Problem: Work through the records that follow and return each line containing the word "pink".

Source records:
^^^^^^^^
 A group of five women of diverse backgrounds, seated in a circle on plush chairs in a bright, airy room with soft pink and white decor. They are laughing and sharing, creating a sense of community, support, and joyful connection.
^^^^^^^^
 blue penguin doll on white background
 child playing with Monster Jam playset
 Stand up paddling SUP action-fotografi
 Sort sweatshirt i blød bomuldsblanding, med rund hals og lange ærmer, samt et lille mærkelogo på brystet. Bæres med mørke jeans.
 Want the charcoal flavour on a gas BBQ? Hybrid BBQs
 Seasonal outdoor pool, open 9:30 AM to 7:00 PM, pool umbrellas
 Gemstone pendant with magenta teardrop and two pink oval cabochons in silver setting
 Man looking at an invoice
^^^^^^^^
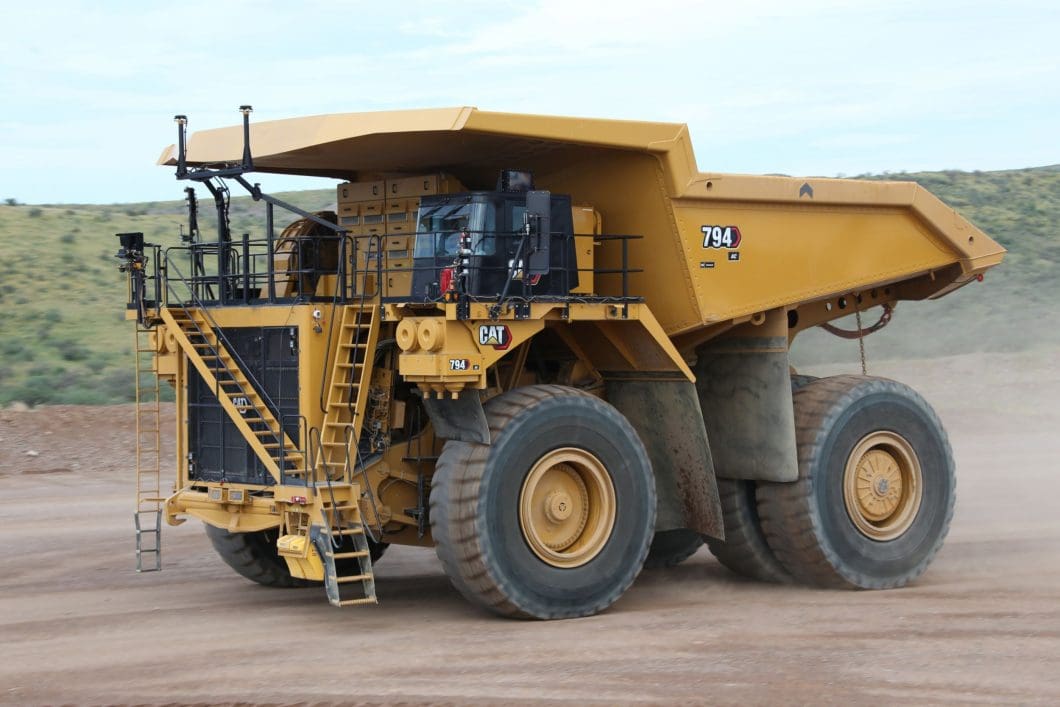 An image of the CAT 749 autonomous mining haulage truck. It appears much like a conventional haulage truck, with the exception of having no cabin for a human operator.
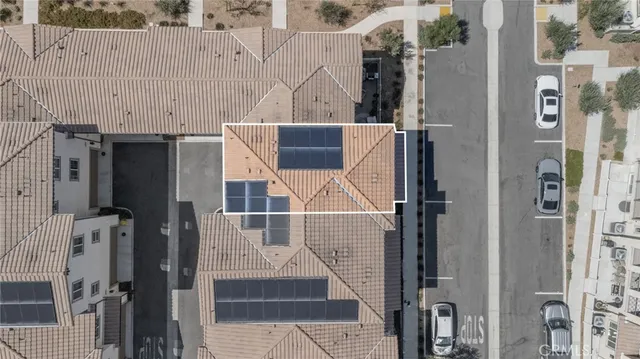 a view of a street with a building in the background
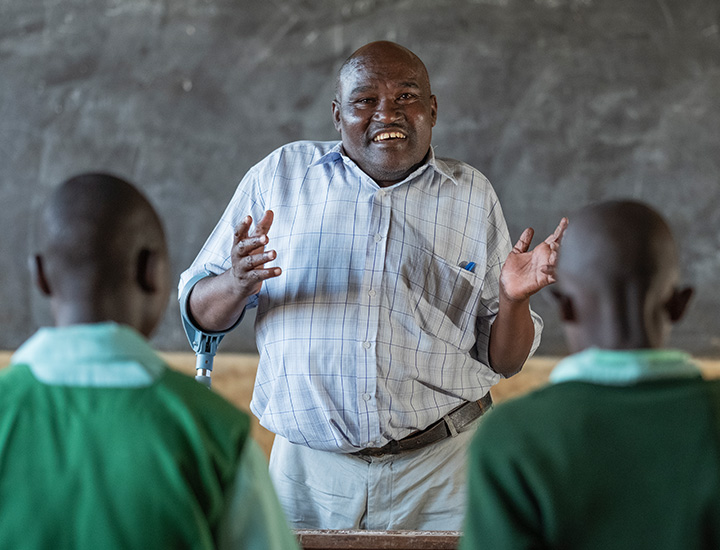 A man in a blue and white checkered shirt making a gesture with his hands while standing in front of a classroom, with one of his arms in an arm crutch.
^^^^^^^^
Exercise response:
 A group of five women of diverse backgrounds, seated in a circle on plush chairs in a bright, airy room with soft pink and white decor. They are laughing and sharing, creating a sense of community, support, and joyful connection.
 Gemstone pendant with magenta teardrop and two pink oval cabochons in silver setting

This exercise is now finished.